Anna is growing, and they have to adjust her prosthetic leg and of course, Cat wants to be there. She did say all three of them might come back here, depending on how it goes.

Rina is still here; when Cat returns, she'll go home to visit. I'm so blessed to have such loyal, loving friends.

Because Rina and Cat have taken over, hubby Justin can go to work, as normal. 
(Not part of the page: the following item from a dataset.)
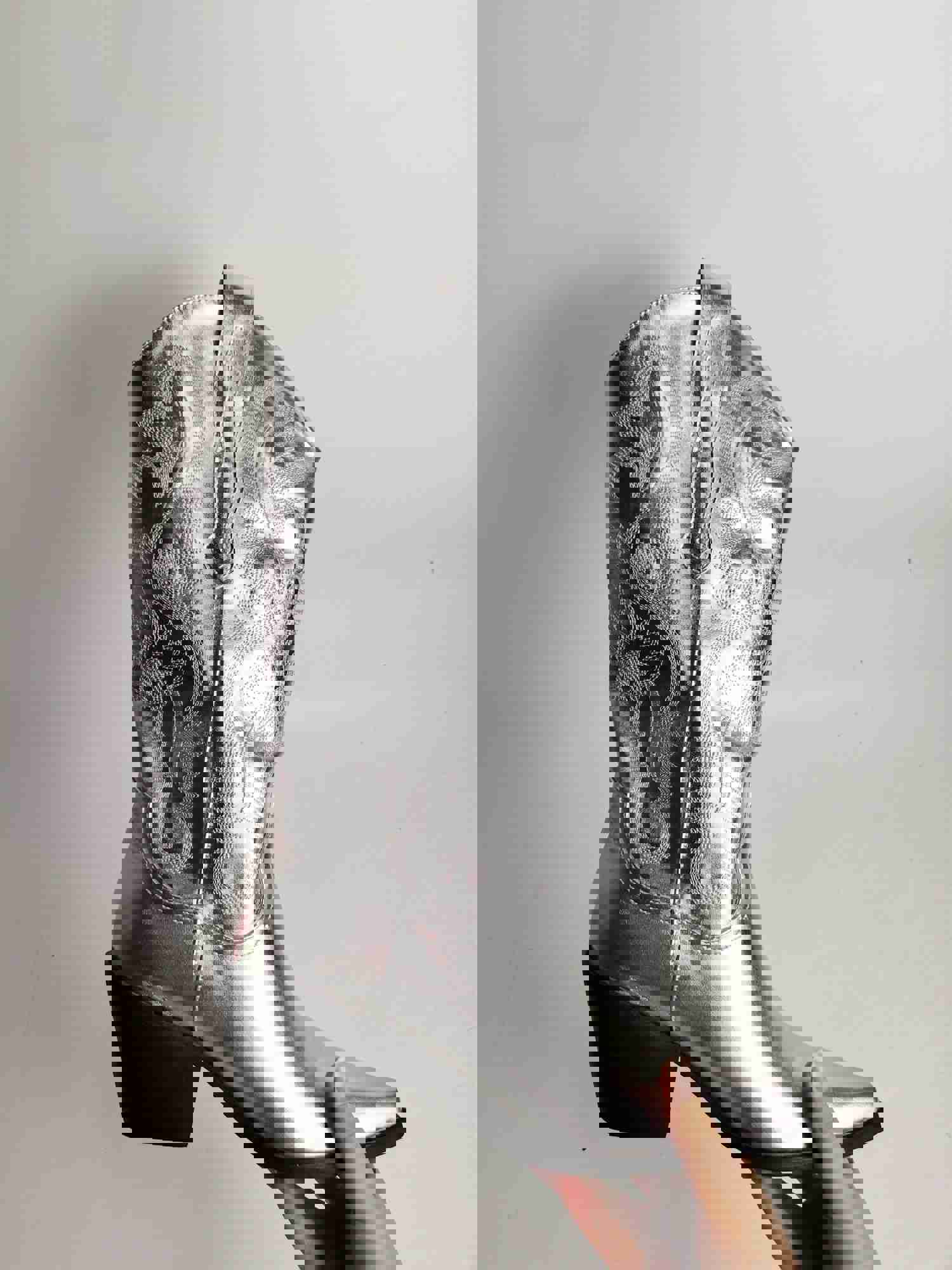 Disco Cowgirl Boots with Western Stitching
I'm hoping Cat will bring Carl and Anna with her. We can smoosh them and Rina in the master bedroom and guest room, and hubby and I can use the sleeper sofa in the living room. I found a place where I can rent a youth bed, but with the bedbug issue, I don't trust that. 

I'll just buy one. Phooey on that. One of my friends lives in an apartment complex where they had a bedbug infestation, and when she visits, she won't come in the house.

I hope they come! It would be wonderful to have a little toddler running around! I would love to see Carl again. When I first saw Cat and him together, and saw the way he looked at her, I thought, "Uh-oh. I hear wedding bells."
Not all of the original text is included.